Ces mesures prévoient, entre autres :

  •  

    • La possibilité de l’envoi jusqu’à 1200 dollars à Cuba par tout résident aux États-Unis (c’est-à-dire par tout citoyen américain qui ne serait pas d’origine cubaine) ;

    • La possibilité de vols charters au départ d’un aéroport américain ;

    • La vente de produits alimentaires à des particuliers cubains et à des organisations non gouvernementales.

La première réaction de Fidel Castro à l’offre de Bill Clinton a été de faire voter à l’Assemblée nationale cubaine, le 16 février 1999, deux lois prévoyant, d’une part, la peine de mort pour les trafiquants de drogue et, d’autre part, des peines de dix à vingt ans de prison pour ceux qui fourniraient des informations susceptibles de « favoriser l’agression des États-Unis ». Cependant, la deuxième loi pour la « protection de l’indépendance nationale et l’économie de Cuba » menace directement les journalistes indépendants.
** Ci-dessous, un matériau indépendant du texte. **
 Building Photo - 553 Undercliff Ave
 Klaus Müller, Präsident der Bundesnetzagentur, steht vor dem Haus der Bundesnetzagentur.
Castro n’a donc pas été sensible aux « efforts » des américains qui ont assoupli légèrement leurs relations plus que tendues avec l’île des Caraïbes.

Au-delà de la portée essentiellement symbolique des mesures annoncées en 1999, il semble que le gouvernement américain soit de plus en plus sensible aux arguments du patronat américain et s’oriente vers un assouplissement progressif » (5), en attendant la chute de Castro.

Notes

(1) : « Quo vadis, Cuba ?  », article paru sur le site d’Arte, www.arte-tv.fr.

(2) : Carlos Tablada (sous la direction de), Cuba, quelle transition ?, l’Harmattan, 2001.

(3) : « Cuba dans le contexte de l’économie mondiale », Osualdo Martinez Martinez in Carlos Tablada (sous la direction de), Cuba, quelle transition ?, l’Harmattan, 2001.

(4) : « Cuba et les États-Unis », article de Jean-Pierre Derisbourg paru dans la revue de politique étrangère de l’IFRI, www.ifri.org.

(5) : Olivier Languepin, Cuba. La faillite d’une utopie, Paris, Gallimard, 1999, p. 125.